» Work task
Restate every line of the material below word for word, skipping the images.
-------- Information provided
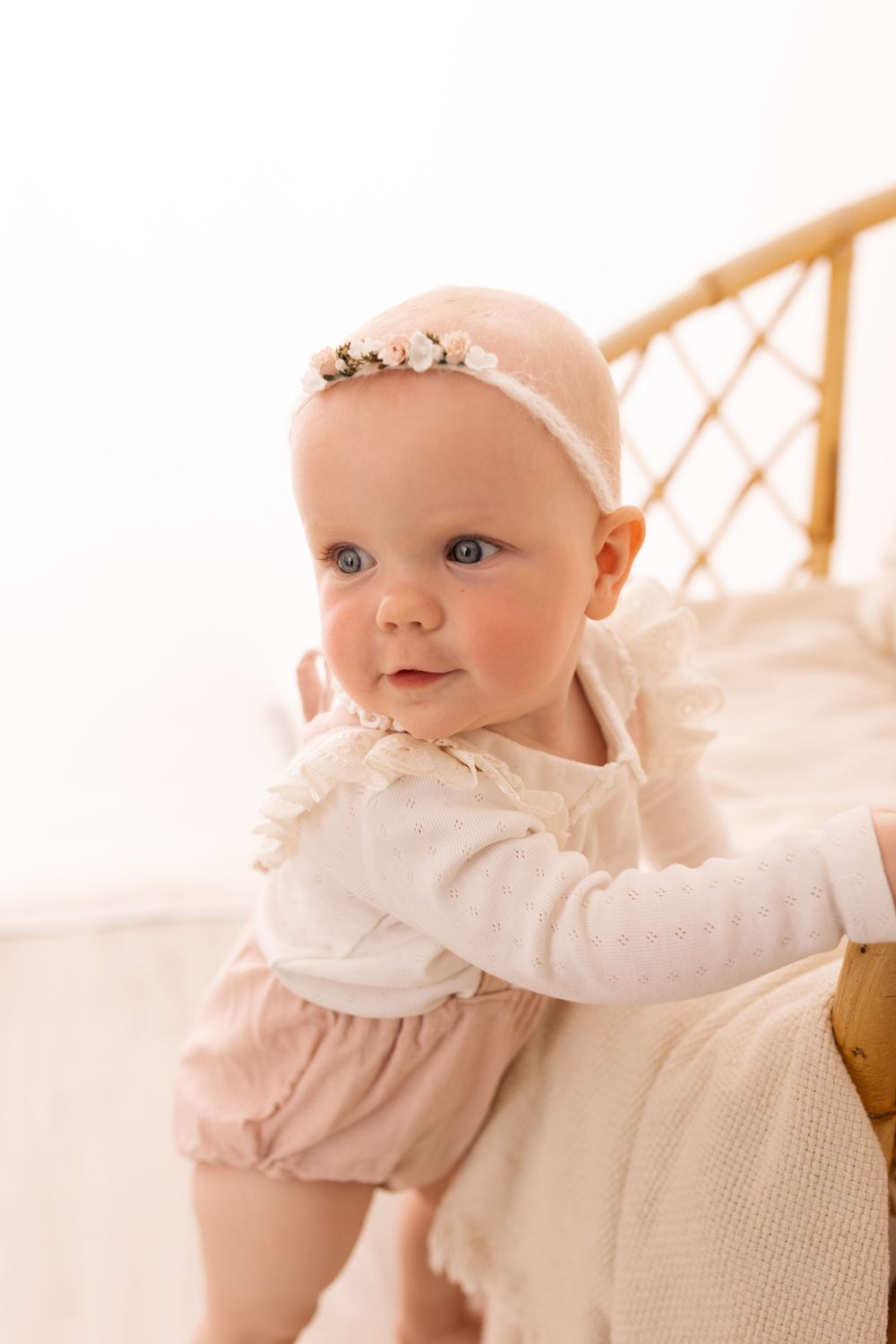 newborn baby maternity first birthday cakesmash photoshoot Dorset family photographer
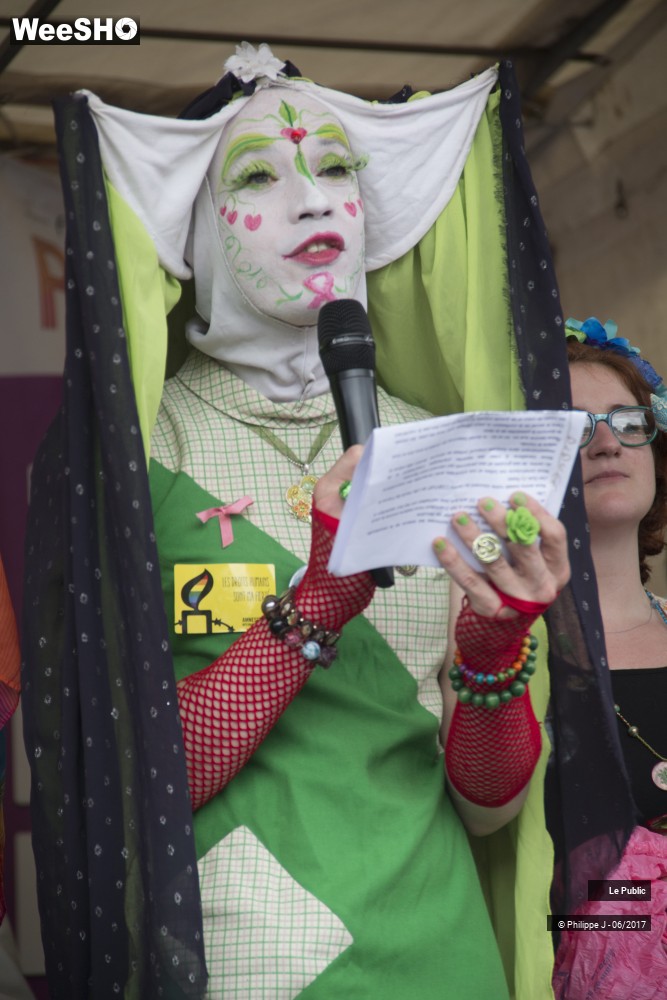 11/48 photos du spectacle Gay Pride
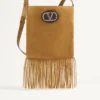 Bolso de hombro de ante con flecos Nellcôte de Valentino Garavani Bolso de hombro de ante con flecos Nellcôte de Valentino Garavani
----------------
» Solution below
 newborn baby maternity first birthday cakesmash photoshoot Dorset family photographer
 11/48 photos du spectacle Gay Pride
 Bolso de hombro de ante con flecos Nellcôte de Valentino Garavani Bolso de hombro de ante con flecos Nellcôte de Valentino Garavani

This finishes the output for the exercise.